__Work to be completed__
Would you go through the records below and copy each line with the string "Black"?
══ Source information ══
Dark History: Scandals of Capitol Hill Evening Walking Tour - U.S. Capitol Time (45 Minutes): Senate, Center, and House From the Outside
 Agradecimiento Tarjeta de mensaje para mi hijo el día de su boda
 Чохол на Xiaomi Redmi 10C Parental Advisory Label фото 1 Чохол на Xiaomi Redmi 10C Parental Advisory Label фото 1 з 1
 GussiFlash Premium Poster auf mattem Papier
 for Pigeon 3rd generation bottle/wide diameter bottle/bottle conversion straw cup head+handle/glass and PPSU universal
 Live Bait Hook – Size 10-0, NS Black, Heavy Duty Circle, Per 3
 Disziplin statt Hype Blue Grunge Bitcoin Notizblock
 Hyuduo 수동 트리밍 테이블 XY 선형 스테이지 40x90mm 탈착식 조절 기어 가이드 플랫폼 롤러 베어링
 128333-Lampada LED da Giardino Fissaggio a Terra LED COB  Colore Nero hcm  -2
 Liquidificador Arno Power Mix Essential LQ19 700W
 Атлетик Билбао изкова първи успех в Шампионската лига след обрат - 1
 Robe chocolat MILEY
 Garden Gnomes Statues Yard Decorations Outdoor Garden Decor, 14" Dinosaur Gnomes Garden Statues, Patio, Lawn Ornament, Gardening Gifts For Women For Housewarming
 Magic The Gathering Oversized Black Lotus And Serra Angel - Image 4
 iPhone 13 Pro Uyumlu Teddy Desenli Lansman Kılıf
═══
__Your response__
 Live Bait Hook – Size 10-0, NS Black, Heavy Duty Circle, Per 3
 Magic The Gathering Oversized Black Lotus And Serra Angel - Image 4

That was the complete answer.